The ONLY difference between a thread and a process is that one uses a shared
address space, the other doesn't. Scheduling is not a factor. Now, you may
use different scheduling logic for threads versus processes, but that's just
a design choice. Either way, whether you're scheduling a process or a
thread, you have to do a context switch. The only difference is which
address space you are doing a context switch into. Doing a context switch
between two threads does not involve loading a new MMU map, and I'm sure
Linux is smart enough not to go through the overhead of reloading a new MMU
map if it's switching between two processes in the same address space.
>> Actually it should scale better than trying to do everything
>> yourself. When you let the OS handle threading, the OS can
>> schedule one thread for execution when another thread is waiting
>> for I/O. You do not have this flexibility if you run the threading
>> code yourself.
>
> It does not scale better.
> Pthreads mutexes waste CPU time. Additionnaly, thread safety is not a
In a particularly bad implementation of pthreads, perhaps. In a good
implementation the CPU will go ahead and do something else while a thread is
waiting on a mutex.
> concern with state threads. State threads do not have these problems,
> (thread-specific private data support) but yes, if a thread is blocked,
> all your threads are blocked in state threads. This is the only problem.
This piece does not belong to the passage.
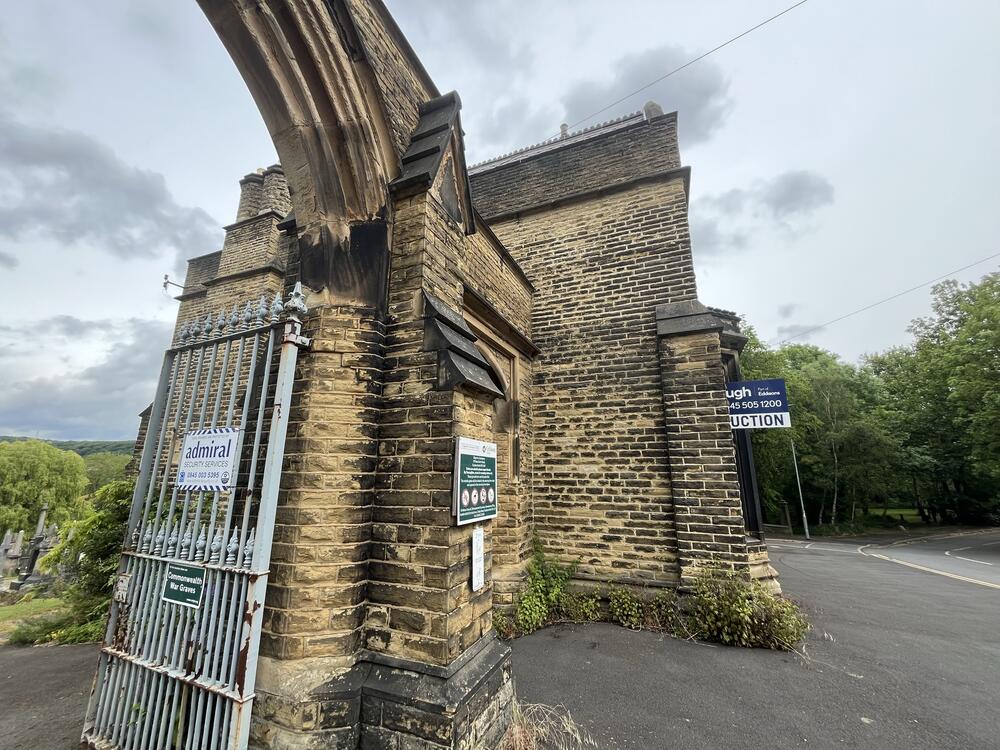 Edgerton Cemetery Lodge , Cemetery Road, Edgerton, Huddersfield, West Yorkshire HD1 5NF image 5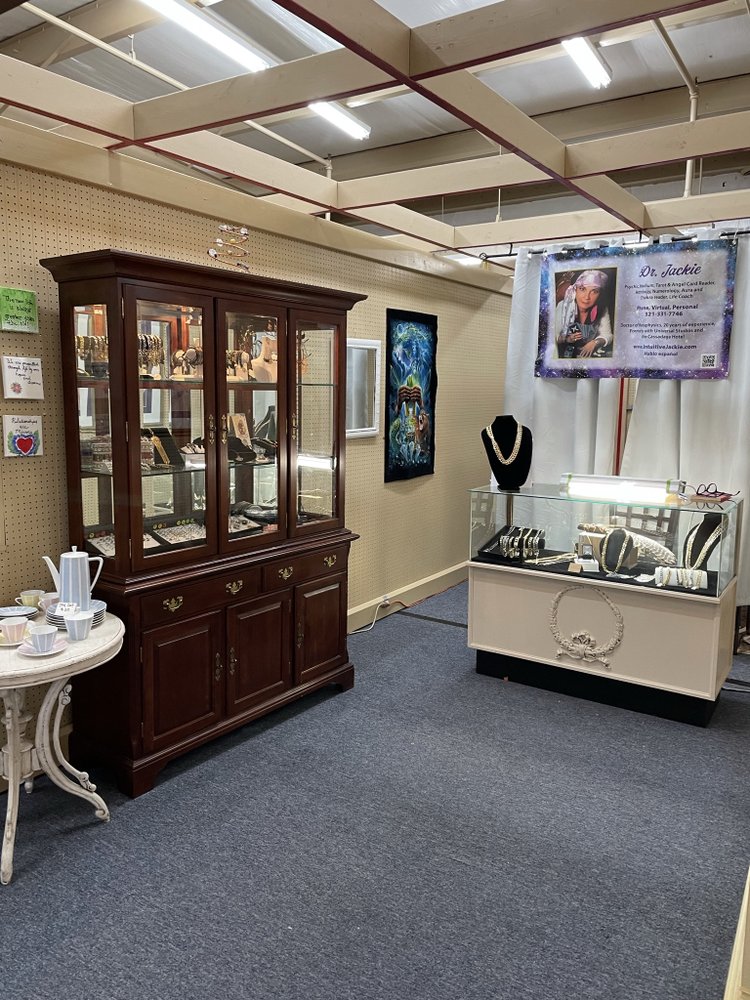 Social spots from Jackie, Psychic-Medium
> But as a work-around you prefork helper processes (which could be
> multithreaded with pthreads or some other library, or not) to do disk
> reads or any I/O that's not scheduled by state threads.. This way only
> helper processes block, not the main processes and their threads.
More complexity, and more potential source of bugs. A saying comes to mind:
the more you overthink the plumbing, the easier it is to stop up the drain.
> Also, here's the project that attempts to change the Linux threading
> model:
> http://oss.software.ibm.com/developerworks/opensource/pthreads/
>
> "The goal of this project is to attempt to solve the problems associated
> with the use of the pthreads library on Linux. It will add M:N
> threading capability and improve significantly on the POSIX compliance of
> pthreads on Linux. This will allow significant performance improvements
> for all applications that make use of the pthreads library, particularly
> on SMP machines. It will also enable Linux to provide threading services
> that are more in line with the capabilities of the commerical Unix
> operating system such as IBM AIX and SGI IRIX."
Great. More power to them. But until that happens, processes will work
just fine, and even after any remaining glitches in threading are
eliminated, cheap processes will still work just as well as they did before.
--
Sam